The national stations, urban stations, and rural stations are thus composed of all, urban, and rural stations in China, respectively, in this study.

A key issue in assessing the urbanization effect is the determination of the rural stations. The rural stations utilized in this study are the stations with the lowest urbanization level in each grid. However, most of them are not actual rural stations, and the U2 and U3 stations are actually located in or near small cities or towns. Therefore, the rural LP series itself may have been affected by urbanization to a certain extent, although the effect is expected to be substantially smaller than that in the urban and national LP series. Therefore, the estimated effects and contributions of urbanization given in this paper should be regarded as conservative.

Definition, calculation and assumption

In this study, the annual and seasonal total DLP and ALP are the number of LP days and sum of the amount of LP, and the annual mean AOD values are the 12-month average. The four seasons are divided according to climatological seasons: spring (March–May), summer (June–August), autumn (September–November), and winter (December–February).
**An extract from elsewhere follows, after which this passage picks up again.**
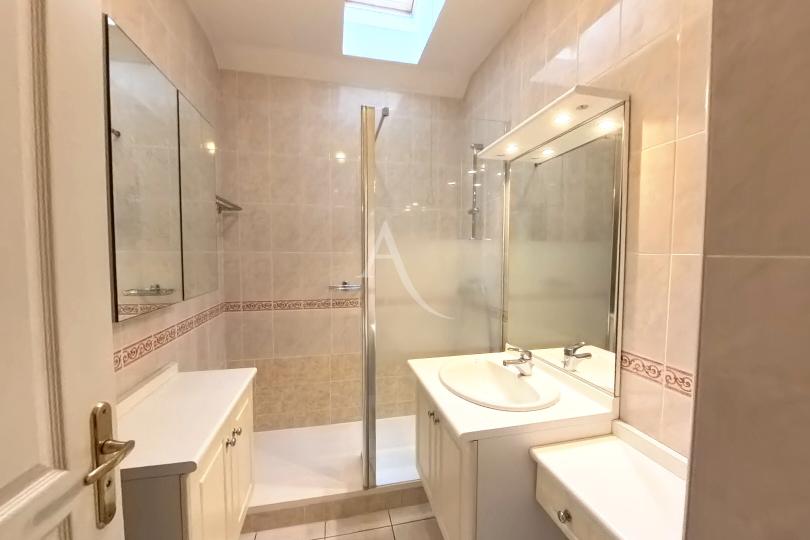 Photo n°5 - Acheter un appartement 5 pièces<br/> de 130 m² à La Chapelle Sur Erdre (44240)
The national, urban, and rural time series in each grid are established by averaging the values of national stations, urban stations, and rural stations. Then, the national, urban, and rural time series in the study region, subregion, and case region are established by area-averaging the national, urban, and rural series in all grids in the study, respectively.

The linear trend of the difference series between the national series and rural series is defined as the urbanization effect. The percent proportion of the urbanization effect on the overall trend is defined as the urbanization contribution. This value is calculated if the urbanization effect is statistically significant at a 95% confidence level.
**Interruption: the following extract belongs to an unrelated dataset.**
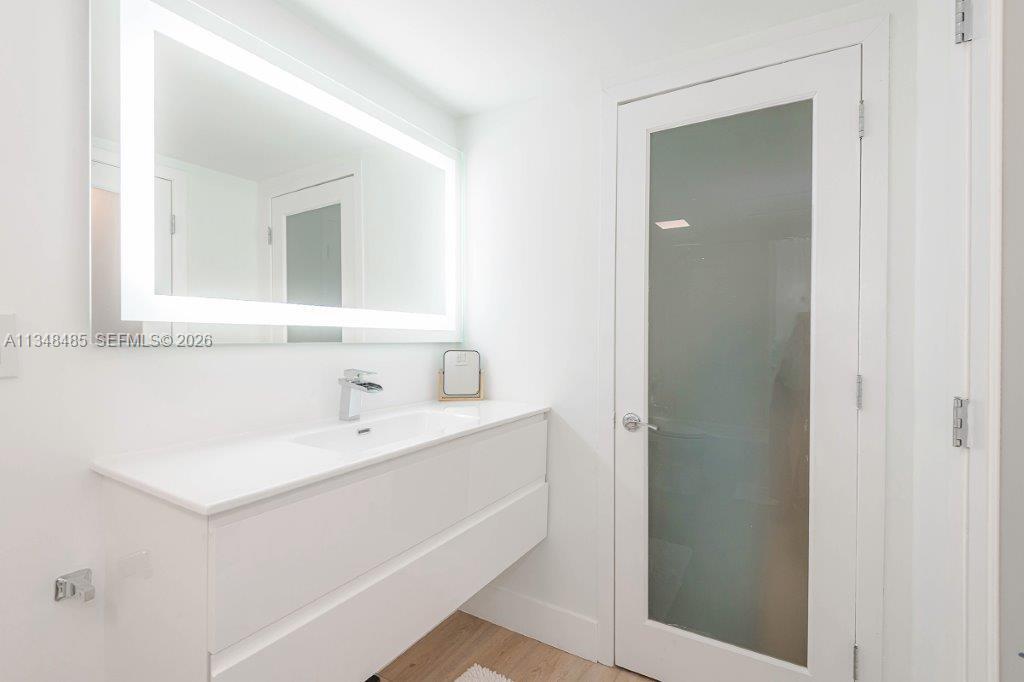 2301 Collins Ave #927, Miami Beach FL 33139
The urbanization effect is defined as follows:

$$UE = T_{{\text{n}}} - T_{r}$$
(1)

The urbanization contribution is defined as follows:

$$UC = \left| {\frac{{T_{{\text{n}}} - T_{r} }}{{T_{n} }}} \right| \times 100\%$$
(2)

where Tn and Tr are the linear trends of the national and rural LP series, respectively.

An assumption behind the procedure is that the background trends of climatic variables including light precipitation are the same within a small area with a radius less than 100–200 km. The trend difference of the climatic variables is thus attributed to a locally natural and anthropogenic factor. The assumption has been proved valid in previous studies on urbanization effect in the SAT data series of urban and national stations in China15,17,46. Here we applied this assumption to the evaluation of urbanization effect on LP change in China.

The linear trend of the time series is estimated by the ordinary least squares method. The statistical significance of the linear trend was judged by Student’s t‐test. The trend of the series is considered statistically significant if it passes the 95% confidence level. In addition, all calculations of LP time series are based on their standardized anomalies in this study. Standardized anomaly is the ratio of LP anomaly to standard deviation, and LP anomaly is the departure of LP from its mean during the study period (1960–2018).